The Euro to Dollar exchange rate (EUR/USD) is in a recovery sequence that is forecast to extend in the coming days.

Following a selloff in July, the pair has since rebounded and is in the process of reclaiming that lost ground. The recovery has stalled a little in recent days at the 61.8% Fibonacci retracement level of that July selloff:



The pair looks to be consolidating around here, and we think resolution will be to the upside, provided there is no significant surprise in Tuesday's CPI inflation report.

Why would resolution be to the upside? Stripping away the macroeconomic risks and looking at the technical indicators, momentum remains positive with the Relative Strength Index (RSI) above 50 and pointing higher (see the lower panel in the chart).

Spot is above the nine-day exponential moving average (1.1620), which is also pointing higher, which means our Week Ahead Forecast model is advocating for further near-term gains.

A retest of last week's 1.17 high is anticipated over the next five days, ahead of push to the 2025 high in the coming weeks.

"EUR/USD consolidated in the 1.16-1.17 range toward the end of last week, as the USD staged a modest rebound in the G10 space after depreciating for most of the week," says Mohamad Al-Saraf, Associate, FI and FX Researcher at Danske Bank. "We remain inclined to buy EUR/USD on dips."

The U.S. CPI inflation report will be the first of two such reports that will come before September's Fed meeting and will be crucial in adjusting expectations.

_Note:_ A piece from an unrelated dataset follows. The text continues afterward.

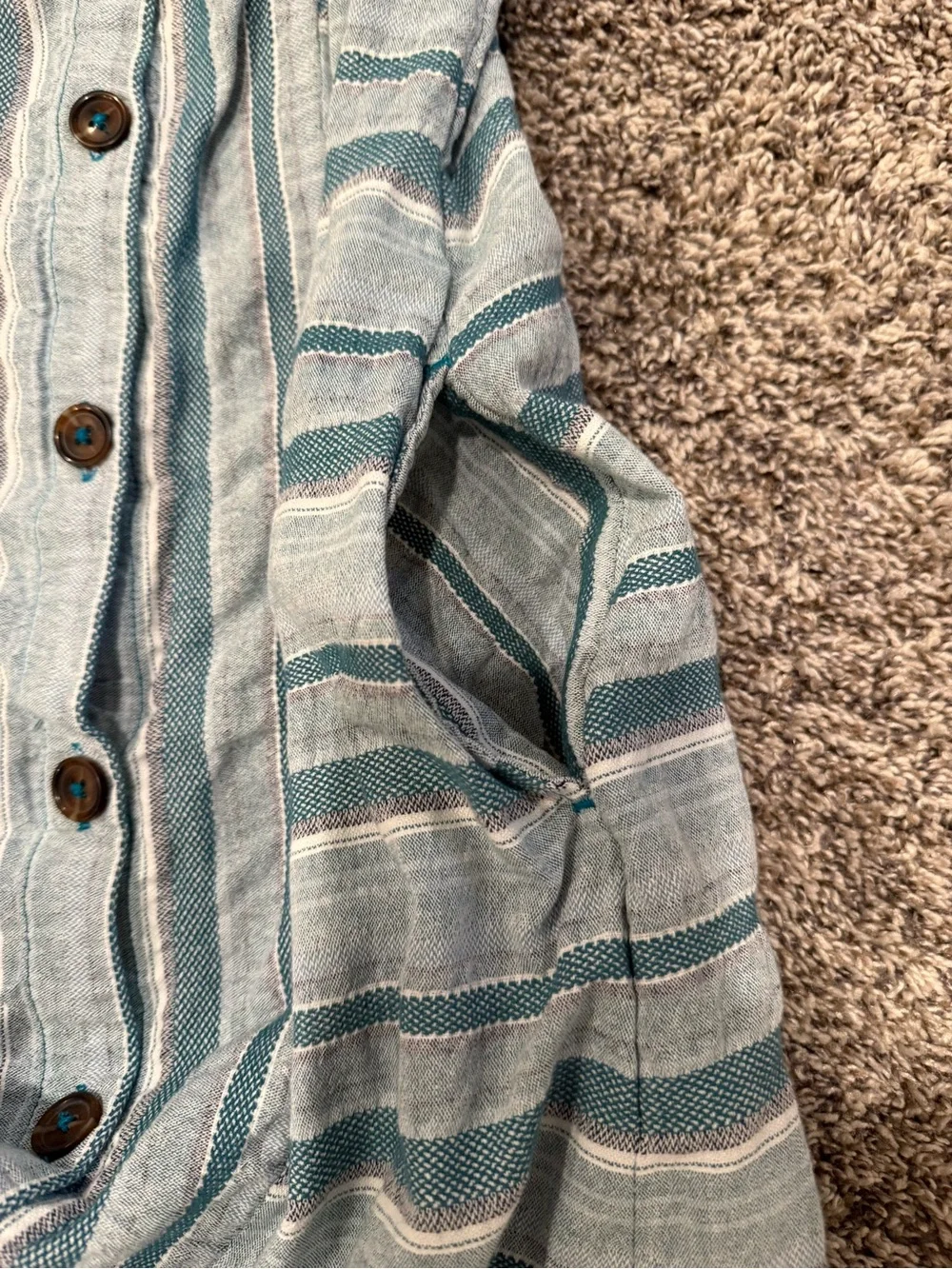 Roxy Striped Button Front Mini Dress Small Blue White Cotton Sleeveless Pockets - Picture 4 of 15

Risks to Euro-Dollar is if rate cut expectations retreat following an above-consensus reading.

Headline CPI is forecast at 2.8% and core at 3.0%. Anything above here would tend to weigh on stocks and boost the Dollar.

But a significant above-consensus reading would potentially weigh on the Dollar as investors would fear the U.S. is entering a stagflationary period of low growth and high inflation.

Accelerating inflation means the Federal Reserve won't be able to step in to assist the economy with further rate cuts. It's possible that the Dollar will eventually come under pressure under such a scenario, but for now, higher inflation is deemed supportive of U.S. interest rates and therefore the Dollar.

If inflation undershoots expectations, then the stock market rally will extend and the Dollar will likely weaken, helping EUR/USD push above 1.17.


Image courtesy of Lloyds Bank.


Tariffs are expected to contribute to above-consensus inflation, but economists and market participants think tariffs will have a one-off effect, and are for now willing to look through the current impulse in rising inflation, judging it will soon fade.

In the Eurozone this week, we get inflation data from Germany and Spain. These data should give a decent indication of where next week's Eurozone inflation print will land, and could therefore impact the market.

The sense is that the European Central Bank (ECB) has more or less completed its rate cutting cycle, but there is scope for another rate cut in September.

If the odds of this happening were to increase this week, on account of the German and Spanish inflation data, the Euro would come under pressure, although any significant reappraisal of Eurozone interest rate expectations is unlikely just yet.